There are two very different strategies for dealing with updates and deletes in a relational database. Update-in-place semantics will directly overwrite data in-situ with a new version of that data; while append semantics will simply append the new version to a chronological log and leave the old data untouched. The update-in-place approach was extensively used in early database architectures but more recent database systems tend to opt for append semantics. Let’s look at the reasons why that may be.
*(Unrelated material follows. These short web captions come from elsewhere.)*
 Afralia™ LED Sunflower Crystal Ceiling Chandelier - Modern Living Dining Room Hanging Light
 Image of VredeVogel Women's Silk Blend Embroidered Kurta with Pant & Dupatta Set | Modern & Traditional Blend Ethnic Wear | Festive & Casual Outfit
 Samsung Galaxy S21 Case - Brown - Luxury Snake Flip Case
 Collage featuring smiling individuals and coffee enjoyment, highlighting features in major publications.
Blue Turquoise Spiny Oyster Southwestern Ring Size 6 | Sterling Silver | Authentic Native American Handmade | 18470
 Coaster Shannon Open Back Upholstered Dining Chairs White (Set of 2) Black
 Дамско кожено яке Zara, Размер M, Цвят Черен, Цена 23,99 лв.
When we append updates rather than overwrite data we are able to keep the old and consistent version of the data while the update is in progress and this affords a robust recovery mechanism should the update fail. We are able to easily watermark the updates and we can choose to move that watermark only when we know that the updates have been completed and successfully persisted in storage. Whereas with update-in-place semantics we would have to write and retain the old version in a separate log before the update took place to be able to guarantee recovery from a failed update (assuming that a full recovery from a database backup copy is a little too rudimentary for most people).
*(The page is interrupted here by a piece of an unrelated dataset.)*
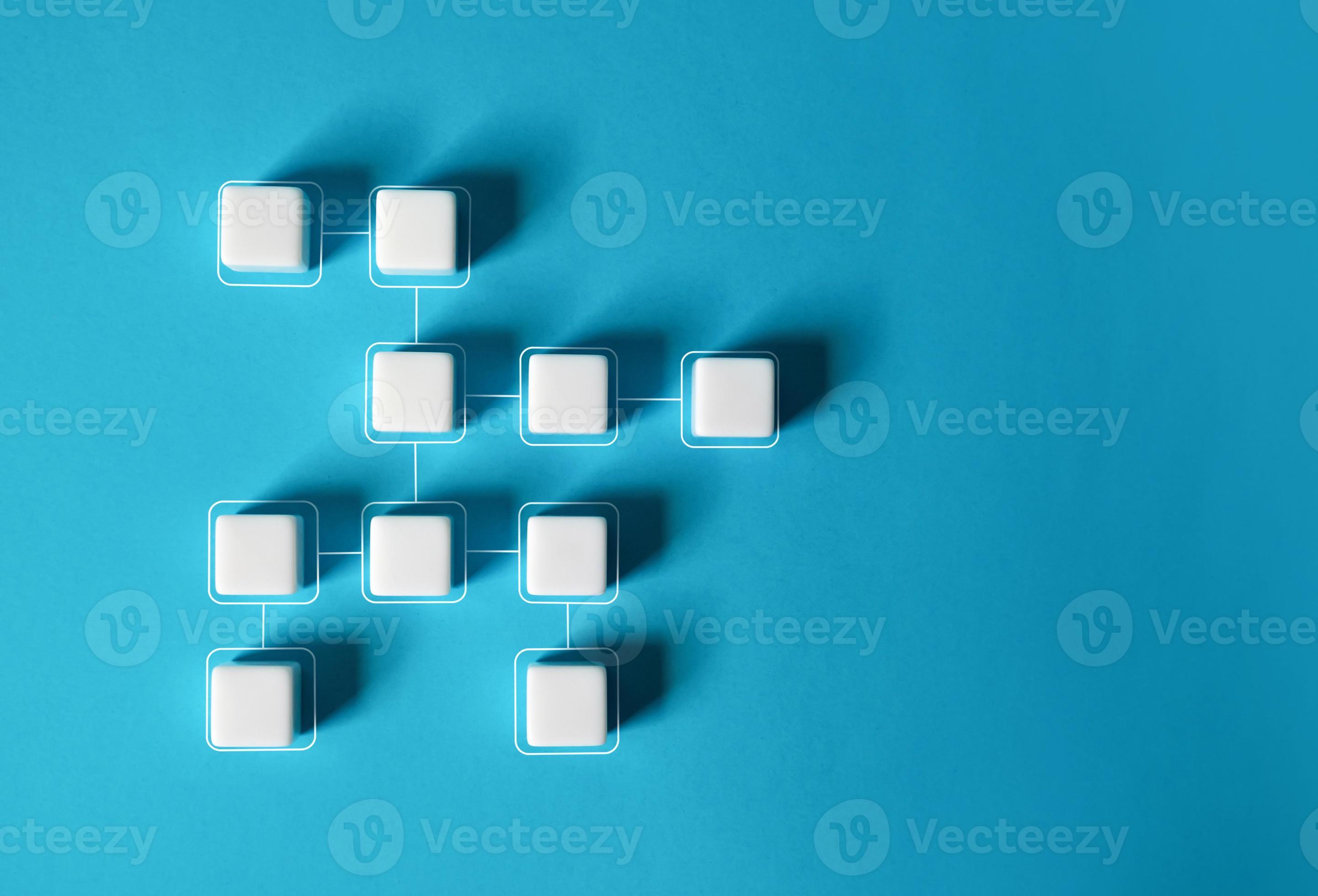 Linked blocks symbolizing processes and stages. Production stages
The use of an append semantics allows multiple updates to be appended to the same area of storage rather than scattered at random locations across the database. This affords a huge performance benefit to updates because large numbers of small updates become coalesced into a smaller number of larger writes and this hugely reduces the load on fsync() operations – which are essential for durability in write back cache arrangements and for avoiding anomalies arising from out-of-order write behaviour in modern disk systems.
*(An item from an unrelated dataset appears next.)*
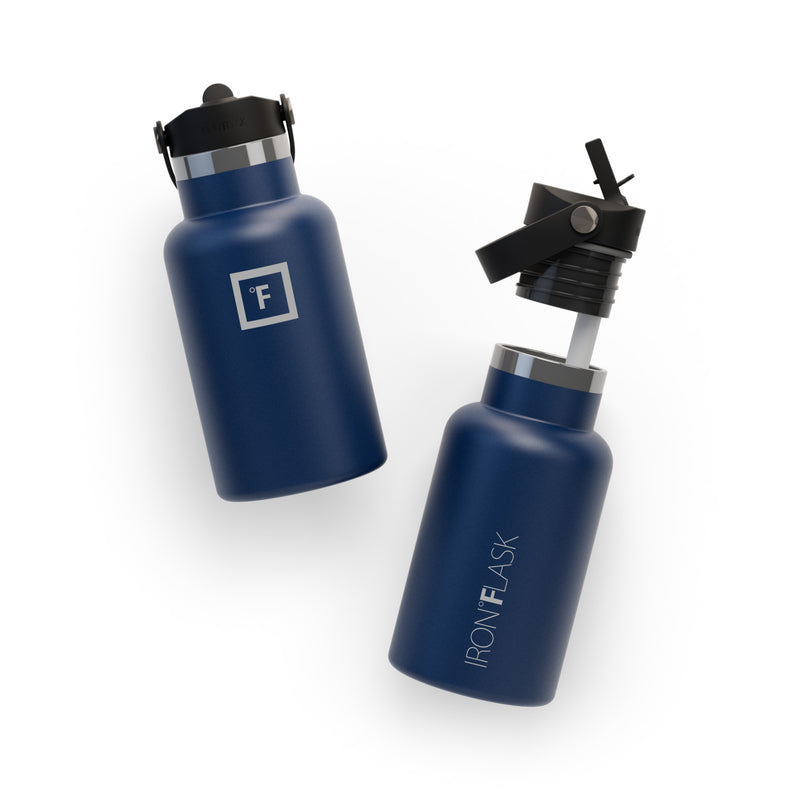 Iron Flask 12 Oz with Straw Lid Narrow Mouth Bottle Blue | 917WYLNCE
Even on flash storage this type of large append write pattern has huge benefits over small random writes because much less of an erase block is wasted with each write. With a small random update I/O, a flash device has to copy the entirety of an updated block to a new empty location and remap the block’s location. Once a flash device fills, unused blocks must be explicitly erased before they can be re-used and on a busy device this garbage collection activity can impact performance even where it happens asynchronously ahead of time.
Append semantics show significant performance gains in other areas too, such as in transaction isolation. With update-in-place semantics either an explicit MVCC (multi-version consistency control) scheme with separate before-update images must be managed; or worse still, read activity must lock-out update activity on the same data to ensure consistent reads. While the use of read locks is a death knell to performance with concurrent users and is tantamount to eating small children in a public place; the overhead of managing before and after images also places a huge burden on throughput. However, none of this band aid architecture is needed with append semantics because versioning is implicit and watermarks demarcate the boundaries between transactions.
There’s also a slight deception to the term update-in-place. What happens when the version we are attempting to overwrite is smaller than the updated version? This usually leads to schemes such as row chaining where database rows are split to accommodate increasing row length. These chained row fragments may not even reside in the same storage block as the original row and this ultimately leads to further performance horror at query time.
Moreover, contemporary data management requirements commonly require a history of transactions to be retained for management, analysis and legal reasons. So why go out of your way to destroy that very history by overwriting it?
That all sounds great for append semantics, but are there any good reasons for choosing to update in place? The usual response here is that append semantics will require more storage space than update-in-place semantics because we are retaining a complete history of the updates. This is indeed true, but is it important?
On any very large database system dealing with machine generated or web data, the huge majority of data is derived from immutable inserts that never get updated and any data that can be updated (such as customer or account data) is insignificant by comparison. Besides, customer and account data is the very type of data we want to maintain a history for because these are the significant real-world entities on which the business depends.
At this point, someone will helpfully suggest that they might use a table which contains a single row which gets frequently updated for the sole purpose of maintaining a sequence number. (Suddenly, a silence falls and a distant church bell can be heard to slowly toll…) Enough said.
Therefore, either the volume of updates is unlikely to significantly impact storage space on a large system where space is critical; or the system is too small for it to matter at today’s storage prices. Indeed, storage bandwidth is a lot costlier than storage capacity and update-in-place offers no benefit there at all.
Neither is query performance improved by update-in-place semantics since with append semantics, all versions of a row can be equally accessible and resolvable through whatever structures are use to locate an original row. Indeed query performance is likely to suffer more with update-in-place semantics because of row chaining.
So why do some database vendors continue to use update-in-place semantics? Good question.
A precedent embalms a principle. Benjamin Disraeli.